バーダック達と共に活動して5年ほど経ったある日、いつものように次に侵略する惑星の情報を伝えに来たバーダックが開口一番にこう言った。
「おい、キリュウ。フリーザ様がお呼びだぞ」
バーダックがそう言った。ちょ、おま。サラッと言うなし。油断してたから寿命縮んだわ。
「お初にお目にかかりますフリーザ様。私はキリュウと申します。」
フリーザ様の部屋に入り直ぐに頭を下げて膝を着く。フリーザ様ハンパねぇよ。部屋に入った途端にとんでもない圧力がかかったように体が強ばったよ。こんな奴に立ち向かって行ったバーダックとベジータ王は一体どんな精神してるんだ。後者はただの馬鹿だったけど前者はマジで尊敬する。

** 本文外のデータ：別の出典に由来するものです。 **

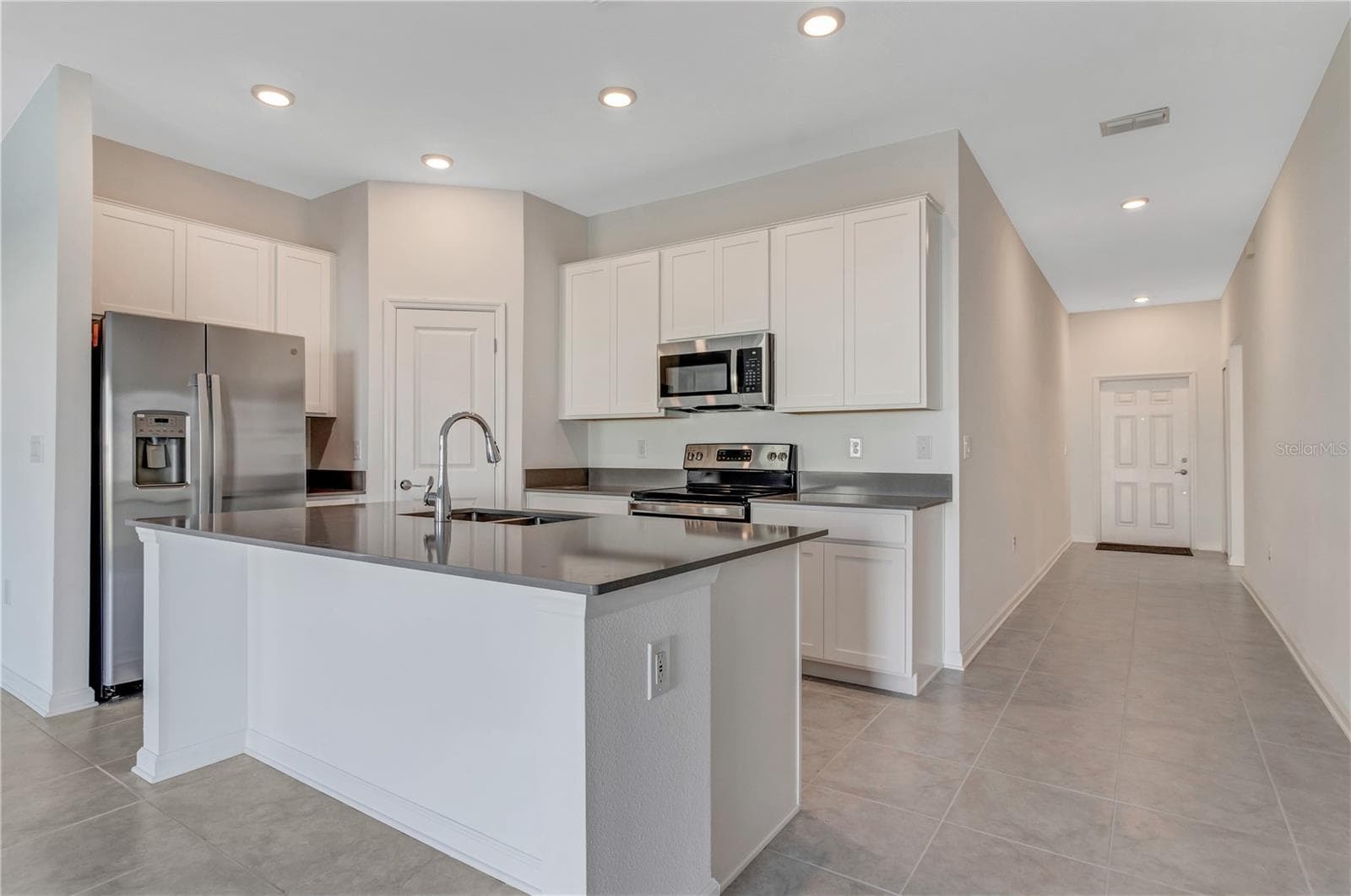 Single Family Residence at 865 CITRUS RESERVE BLVD, DAVENPORT, photo 3 of 22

「おや、ほかのサイヤ人と違って多少教養があるように見えますね。最近すごい勢いで力を付けているとお聞きしましたが、私への反抗のためでは無いと捉えてよろしいですね?」
「勿論でございます。サイヤ人の活動の促進の為、ひいてはフリーザ様の為でございます。もとよりその気はありませんでしたが、こうして対面してフリーザ様の恐ろしさを改めて再認識した次第でございます。」
「ほっほっほ、それならよろしいのです。貴方のさらなる活躍を期待していますよ?」
「はっ!もったいなきお言葉でございます。」
こうして会話が打ち切られて俺はフリーザ様の部屋から退室した。
「ふむ。あの怯えよう…私の真の実力を感じ取っていたようにも見えましたが…。考えすぎでしょうか」
「どうかなさいましたか?フリーザ様」
「いえ、なんでもありませんよ」
キリュウはこの瞬間からフリーザが心の隅に気をとめる存在となった。
「おー、五体満足で帰ってきやがったぜ。なんの話しをしてたんだ?」
「そう簡単に四肢欠損してたまるか。ただの反抗の意思の確認だったよ」
バーダックにそう伝え出撃の準備を始める。
「なあ、お前はこのままでいいと思っているのか?」
「構わないだろ。どうせそのうち動きがあるさ、なんたってあのベジータ王のことだからな」
「…ふん、違いねぇ」
そう言って俺達は出撃した。
帰って来てから驚くことがひとつ。
カカロットが産まれた。
いつの間によろしくやってたんだよとバーダックをからかうとゲンコツが飛んできた。暴力イクナイ。
バーダックと二人でカカロットを見に行くと案の定戦闘力2だった。隣のバーダックが忌々しげな表情してたんでなんとか宥める。この子サイヤ人最強クラスになるんだからそんな顔してあげるなよ。
カカロットが泣くことによって影響が出る者がいる。
それがブロリーだ。
俺は赤ちゃんルームに入り、まずカカロットをあやして次にブロリーもあやす。二人とも静かに寝に入ったようだ。よすよす。
ルームからでてきた俺をバーダックが怪訝そうな目で見てきた。アンタの息子だからな?本来あんたの役目だからな?そう言うと「ガラじゃねぇよ」と返ってきた。頑固オヤジめ。
とりあえずカカロット産まれたし、そろそろ原作に沿って動き始めるかなー。どうしようかなー。とか考えてたら
ベジータ王子の世話係に任命された。ナッパとともに。
クソう。なんでこうも予想外の展開ばっかり起こるんだ。